Così però devo ricordare che i vini italiani si sono evoluti moltissimo negli ultimi anni, anche grazie all’introduzione di tecniche agronomiche ed enologiche innovative. Si è spesso trattato di un’importazione di ricerche, di studi e di applicazioni. La Francia ci ha insegnato moltissimo.
L’affinamento in barrique è pratica comune e largamente utilizzata che non appartiene però al nostro patrimonio vinicolo-culturale. Una tecnica che ha permesso, salvo eccessi, di migliorare i nostri vini, conferendo alcuni di quei caratteri organolettici che oggi sono apprezzati nel mondo.
Nel mondo vitivinicolo un ostracismo culturale in nome della tradizione è un atto quindi non solo pericolosamente reazionario ma anche illogico e antistorico, oppure vogliamo davvero ritornare a quei vinelli del dopoguerra che oggi anche il più inesperto dei consumatori rigetterebbe con disprezzo?

Ecco quindi l’appello già firmato da moltissimi protagonisti del mondo vitivinicolo italiano che invito a diffondere.

Negli ultimi quarant’anni il vino italiano ha consolidato la sua posizione nel mondo, raggiungendo dei traguardi che sino a qualche decennio fa erano impensabili. È stato un processo lungo e complesso che ha avuto nell’esaltazione della qualità, dell’origine e della territorialità dei vini dei momenti fondamentali.
Tutto ciò però è stato possibile grazie alla rivisitazione sia delle pratiche agronomiche nelle campagne sia all’incessante evoluzione della ricerca e dell’applicazione della scienza enologica nelle cantine. In questo modo i nostri vini hanno compiuto un deciso salto di qualità, anche dal punto vista organolettico, recuperando quel gap di conoscenze ed esperienze che in passato ci aveva fortemente penalizzato sui mercati internazionali.
Oggi il nostro Paese ha una posizione di primo piano nel mondo grazie proprio all’ammodernamento e allo svecchiamento delle cantine dal punto di vista tecnologico e strutturale e dall’efficacia dei protocolli enologici moderni applicati sia dalle grandi che dalle piccole aziende.
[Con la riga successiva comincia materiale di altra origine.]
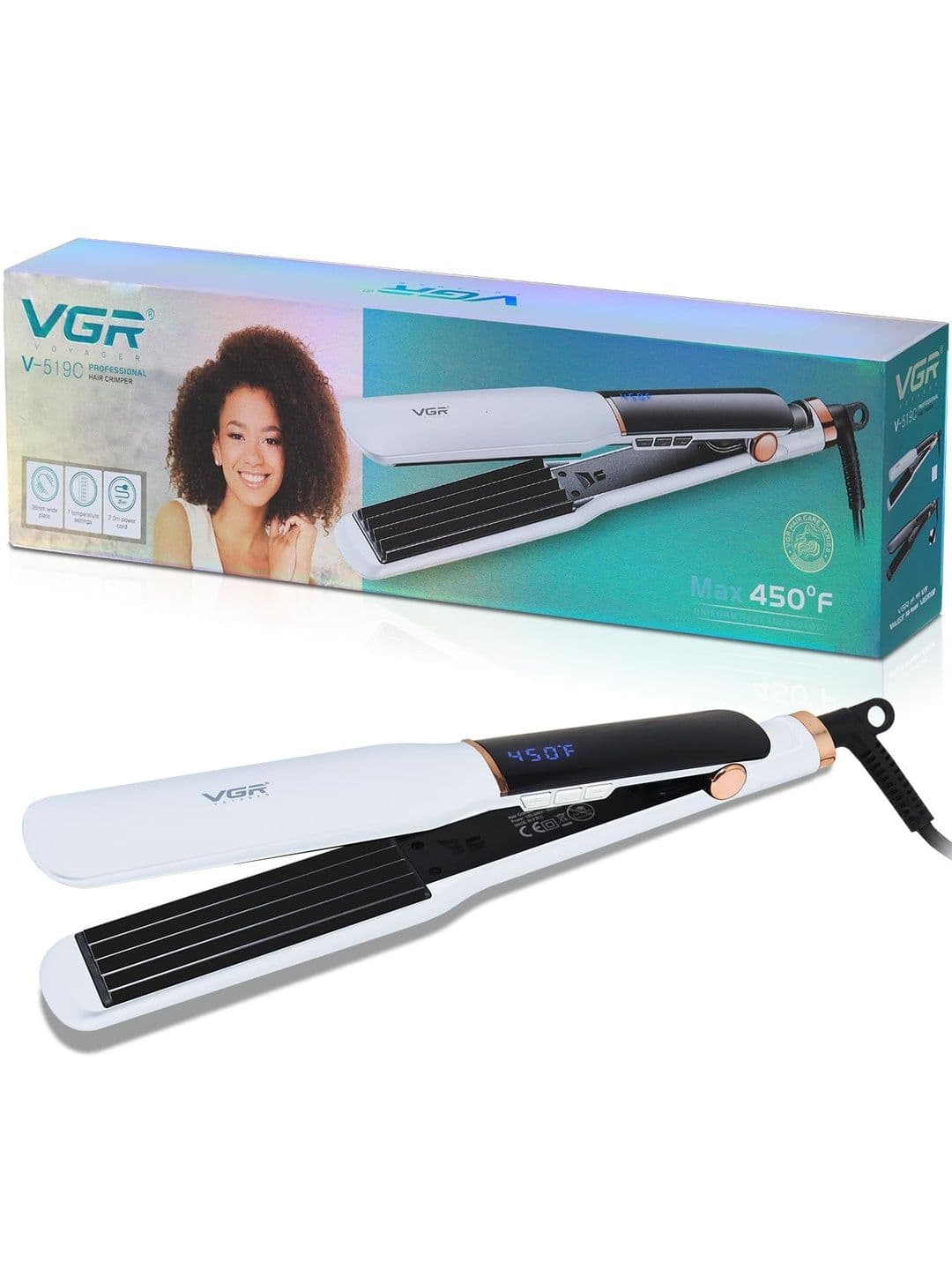 VGR V-519C Professional Hair Crimper With 7 Temperature settings - Black - view 1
In passato i vini italiani si sono segnalati all’attenzione internazionale per la capacità di rompere gli schemi affiancando alla produzione tradizionale una ampia schiera di vini che hanno fatto dell’innovazione la loro cifra stilistica e sono riusciti ad interpretare con fantasia e meglio di altri, i gusti e le esigenze del consumatore internazionale, tenendo per altro alta, in un momento molto difficile, l’immagine del vino italiano. I cosiddetti Supertuscan, ieri classificati come Vini da Tavola (VdT) oggi come vini ad Indicazione Geografica Tipica (IGT), sono stati in questo campo l’esempio di maggior successo.
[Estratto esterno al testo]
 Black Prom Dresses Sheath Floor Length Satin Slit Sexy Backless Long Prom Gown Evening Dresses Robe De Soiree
A fronte di ciò negli ultimi anni si è sviluppata una corrente culturale che vuole imporre una visione che tende a limitare gli orizzonti della ricerca e dell’enologia. Il confronto insomma si è spostato e non è più solo tra conservatori e innovatori. Infatti da una parte c’è chi in nome del rispetto della tradizione considera l’enologia come un sistema chiuso alle novità, sostanzialmente incapace di ascoltare. Dall’altra c’è chi, pur rispettando profondamente l’origine e la storia dei prodotti, vuole esaltare questi aspetti sfruttando tutte le possibilità offerte dalla moderna enologia e tecnologia ad essa collegata, interpretando le sollecitazioni che vengono da un mercato ormai planetario.
Le discussioni su certi aspetti del nostro mondo del vino, hanno evidenziato un preoccupante atteggiamento di chiusura nei confronti dell’evoluzione della scienza enologica e dei mezzi che essa mette a disposizione. L’enologia non può limitarsi ma deve essere in grado di cogliere tutte le opportunità, soprattutto quelle che permettono di abbassare i costi e di aumentare i profitti delle aziende, rendendole sempre più competitive.
Noi che a diverso titolo ci occupiamo del vino, esprimiamo la nostra preoccupazione perché i dati scientifici vengono sistematicamente ignorati, preferendo la banalizzazione degli argomenti all’approfondimento. Senza adeguati approfondimenti tecnici, scientifici ed economici non si può pensare di affrontare con efficacia la competizione internazionale e incrementare la qualità dei nostri prodotti.